» **Data shown**:
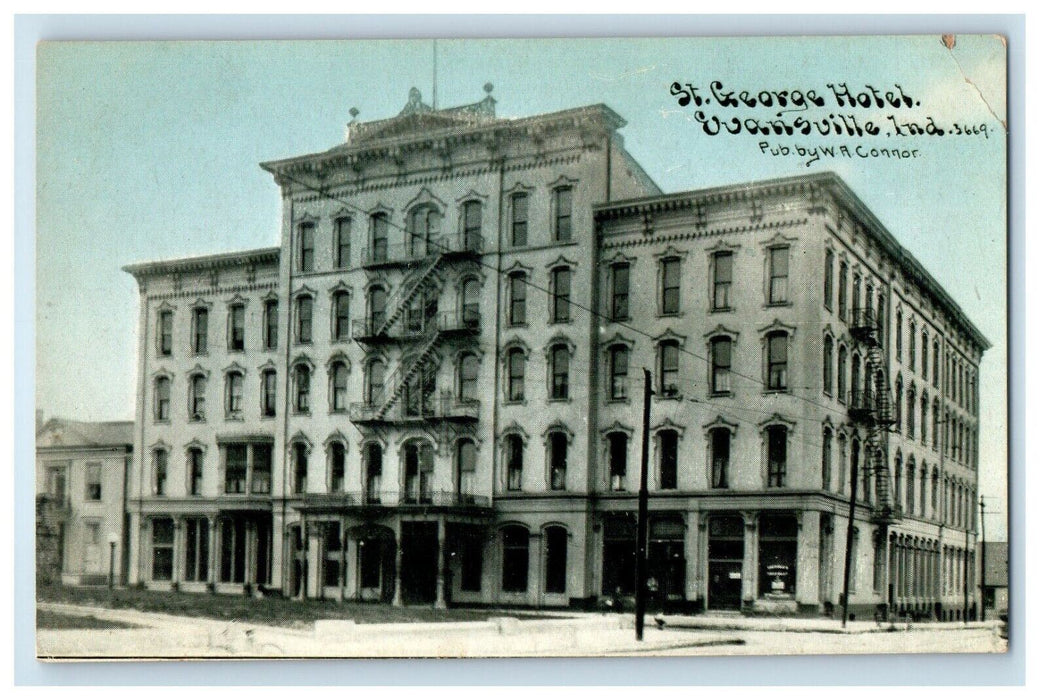c1910's St. George Hotel Building Street View Evansville Indiana IN Postcard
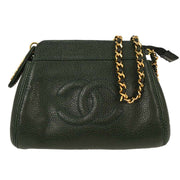 Chanel Dark Green Calfskin Chain Shoulder Bag XX40776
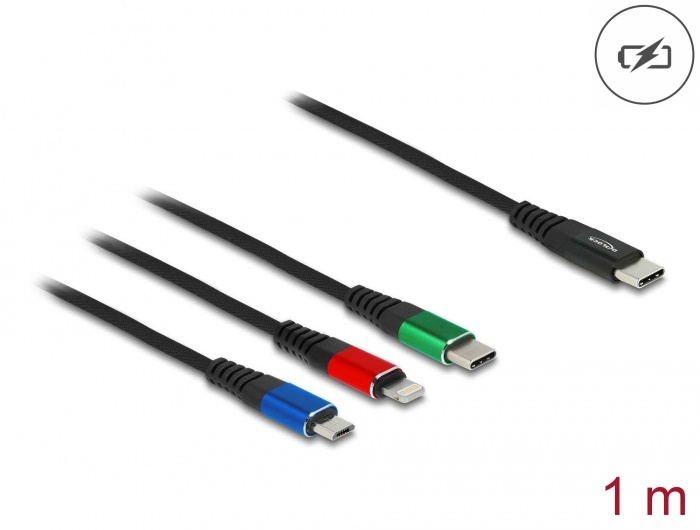 DeLOCK 86596, 1 m, USB C, USB C/micro-USB B/Lightning, USB 2.0, Zwart, Blauw, Groen, Rood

» **Aim of the task**:
Since the pictures are not wanted, give the material again exactly without them.

» **Result**:
c1910's St. George Hotel Building Street View Evansville Indiana IN Postcard
 Chanel Dark Green Calfskin Chain Shoulder Bag XX40776
 DeLOCK 86596, 1 m, USB C, USB C/micro-USB B/Lightning, USB 2.0, Zwart, Blauw, Groen, Rood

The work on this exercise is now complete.